Given a string containing just the characters ‘(‘ and ‘)’, find the length of the longest valid (well-formed) parentheses substring.

Example 1:

Input: "(()"
Output: 2
Explanation: The longest valid parentheses substring is "()"

Example 2:

Input: ")()())"
Output: 4
Explanation: The longest valid parentheses substring is "()()"

Solution 1: Dynamic Programming

We can use Dynamic Programming to calculate the longest valid parentheses end at every index. All valid parentheses end with ‘)’. Thus, for every index i of ‘)’, there are two conditions:

1. If i-1 is ‘(‘, then it forms a valid parentheses. The longest parentheses ending at i is that ending at i-2 plus 2.
2. If i-1 is ‘)’, then if the character preceding longest valid parentheses ending at i-1, indexed at j, is ‘(‘, then it forms a valid parentheses. The length is that ending at i-1 plus 2 plus that ending at j-1.

class Solution:
    def longestValidParentheses(self, s):
        """
        :type s: str
        :rtype: int
        """
        if len(s) <= 1:
            return 0

        dp = [0] * len(s)

        for idx in range(1, len(s)):
            if s[idx] == ')':
                if s[idx - 1] == '(':
                    if idx >= 2:
                        dp[idx] = dp[idx - 2] + 2
                    else:
                        dp[idx] = 2
                else:
                    matching_idx = idx - 1 - dp[idx - 1]
                    if matching_idx >= 0 and s[matching_idx] == '(':
                        if matching_idx >= 1:
                            dp[idx] = dp[idx - 1] + 2 + dp[matching_idx - 1]
                        else:
                            dp[idx] = dp[idx - 1] + 2

        return max(dp)

Solution 2: Use a stack

Instead of finding every possible string and checking its validity, we can make use of stack while scanning the given string to check if the string scanned so far is valid, and also the length of the longest valid string.

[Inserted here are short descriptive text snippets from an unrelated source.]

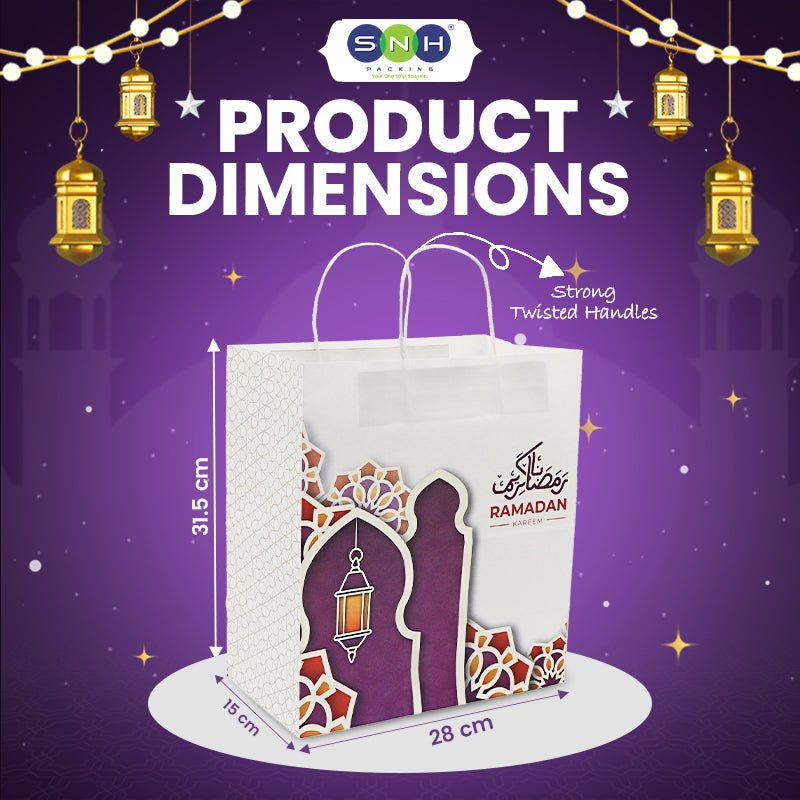 Festive Ramadan Kareem Gift Paper Bags - SNH Packing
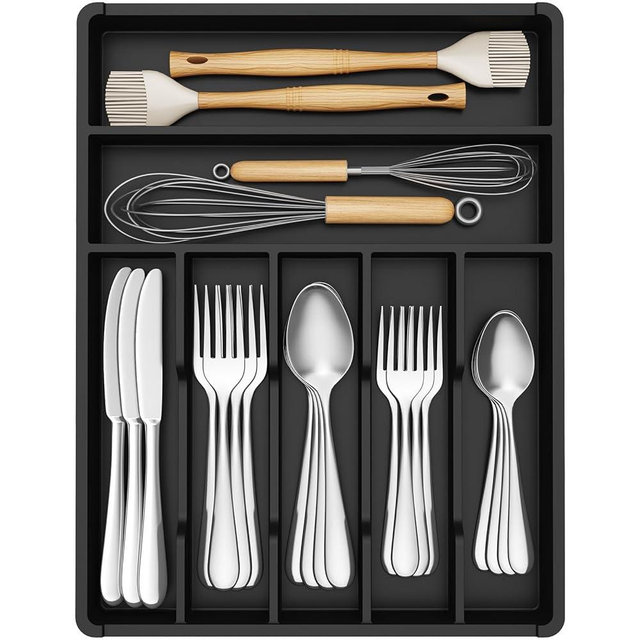 Lifewit Silverware Drawer Organizer Tray, Plastic Cutlery Storage for Kitchen, Flatware and Utensil Holder Divider for Spoons Forks Knives Tableware, 12.3 x 16", 7 Slots, Black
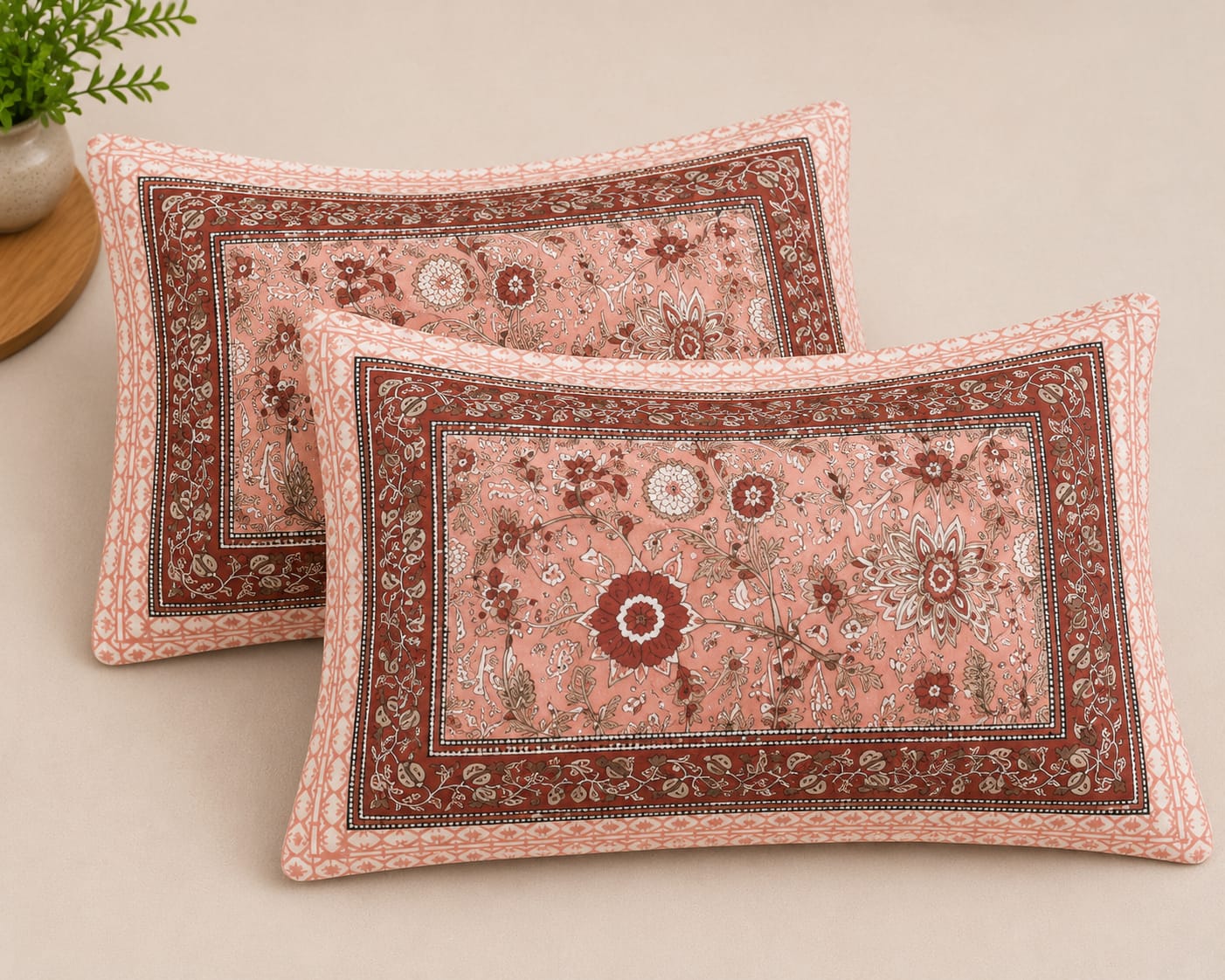 Peach Rust Floral Cotton King Size Bedsheet Set with 2 Pillow Covers | 100% Cotton | 225x275 cm | ChapaSSyahii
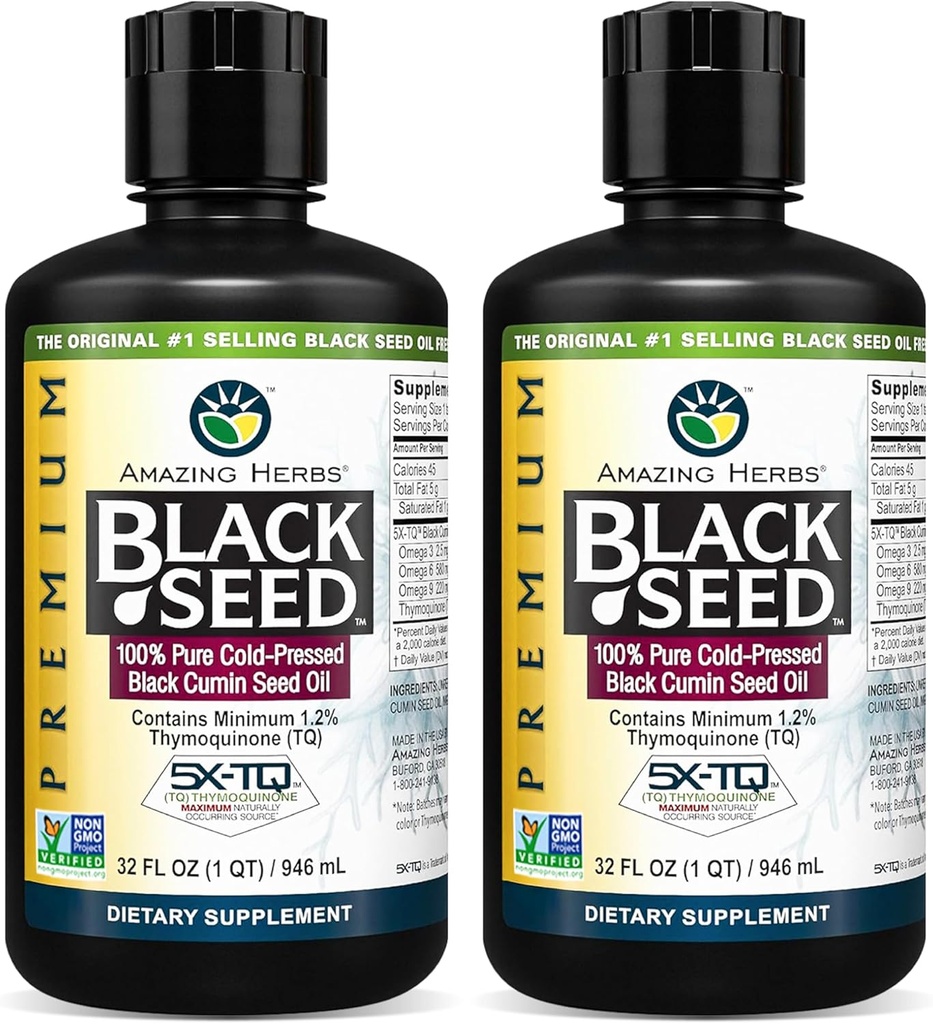 Amazing Herbs Premium Black Seed Oil - Ψυχρό Πιέζεται Nigella Sativa Aids σε Digestive Υγεία, Ανοσολογική Υποστήριξη, Λειτουργία του εγκεφάλου, Κοινή Κινητικότητα, Χωρίς Γλουτένη, Μη ΓΤΟ - 32 FL Oz (Pack of 2)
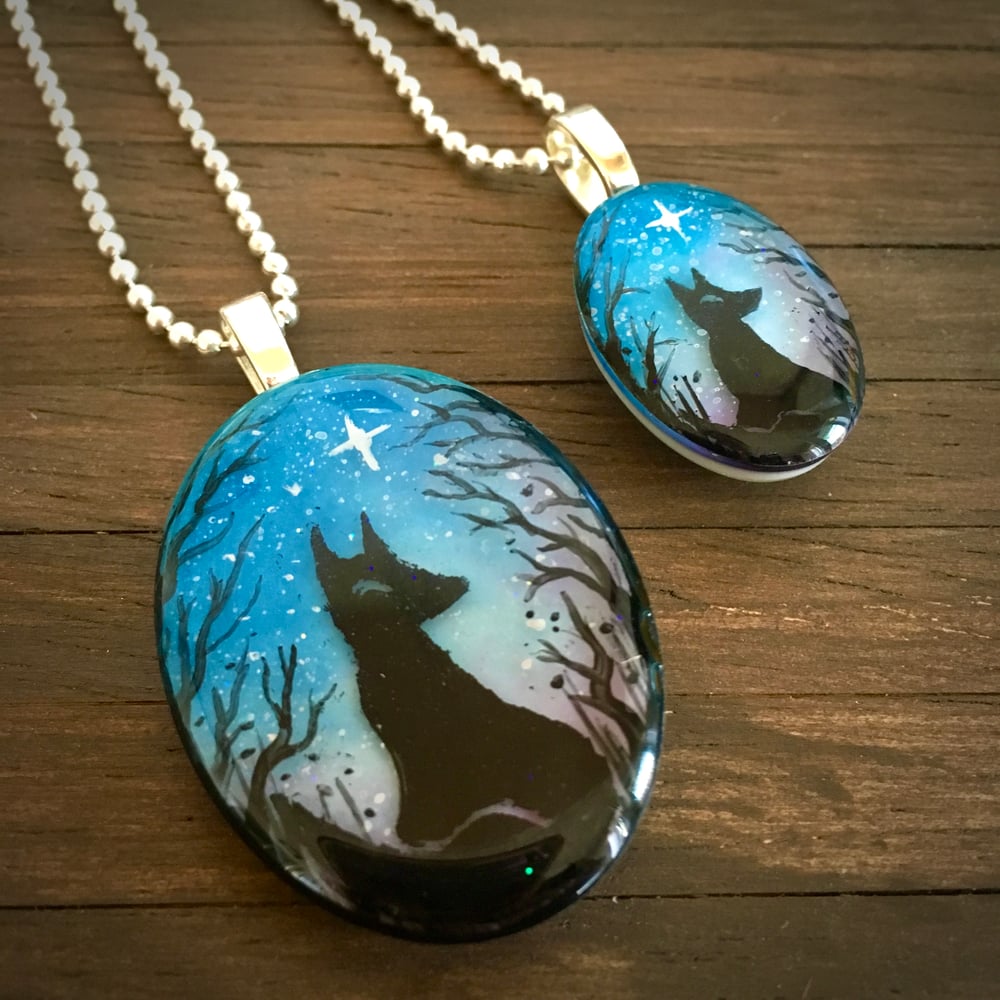 Starry Night Fox Oval Resin Keyring/Bagcharm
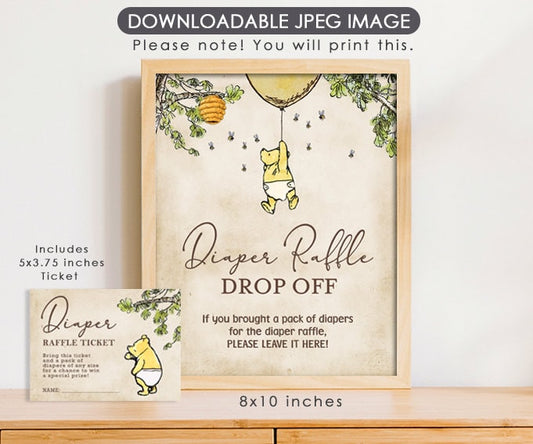 Diaper Raffle Drop Off and Diaper Raffle Ticket Insert Card - Winnie the Pooh Downloadable Digital File - spikes.digitalshop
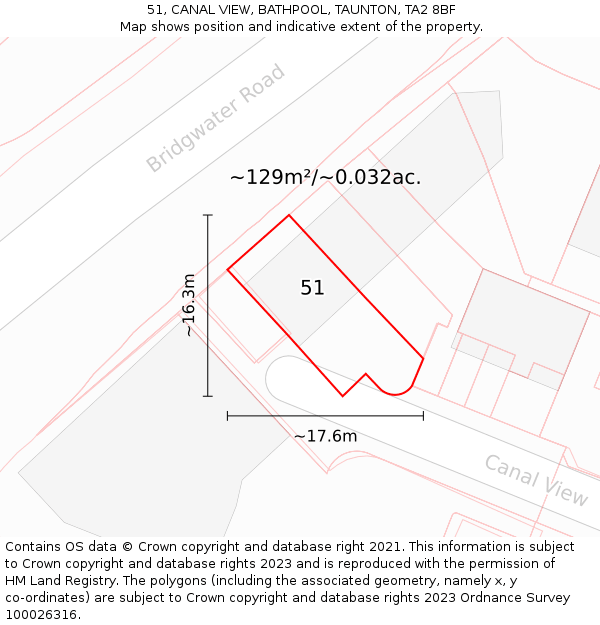 51, CANAL VIEW, BATHPOOL, TAUNTON, TA2 8BF: Plot and title map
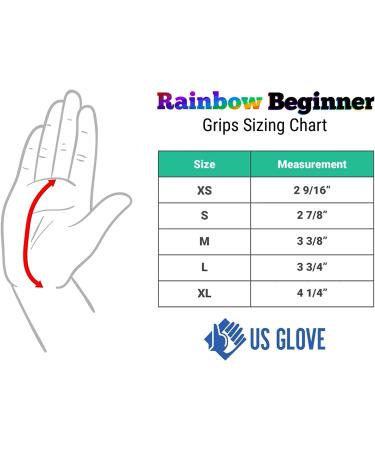 Rainbow Beginner Palm Grips - Gymnastics Hand Guard - USA Made Hot Pink Small - Buy Online on SooperMarket.com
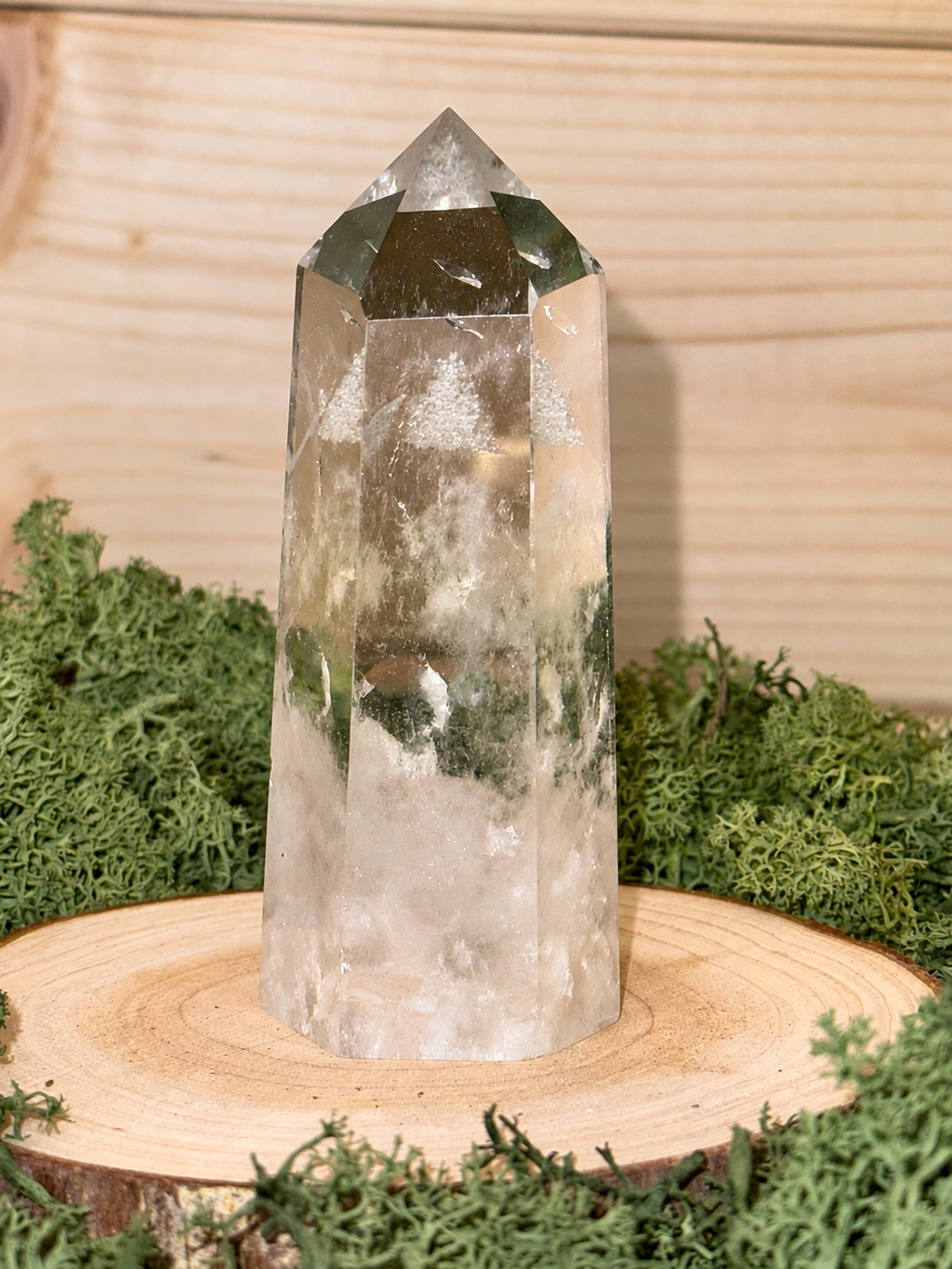 Polished Brazilian Citrine tower with golden colour and natural inclusions, 164g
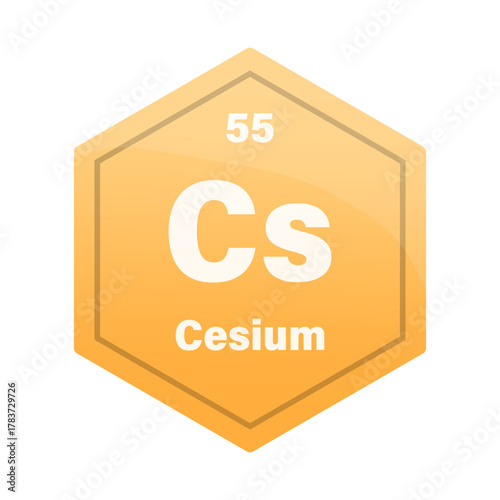 Cesium chemical element tile. Atomic number 55. Cs chemical sign. Yellow orange Vector hexagon.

In order to do so, we start by pushing −1 onto the stack.

For every ( encountered, we push its index onto the stack.

For every ) encountered, we pop the topmost element and subtract the current element’s index from the top element of the stack, which gives the length of the currently encountered valid string of parentheses. If while popping the element, the stack becomes empty, we push the current element’s index onto the stack. In this way, we keep on calculating the lengths of the valid substrings, and return the length of the longest valid string at the end.

class Solution:
    def longestValidParentheses(self, s):
        """
        :type s: str
        :rtype: int
        """
        if len(s) <= 1:
            return 0

        stack = list()
        stack.append(-1)
        max_len = 0

        for idx, c in enumerate(s):
            if c == '(':
                stack.append(idx)
            else:
                stack.pop()
                if len(stack) == 0:
                    stack.append(idx)
                length = idx - stack[-1]
                if length > max_len:
                    max_len = length

        return max_len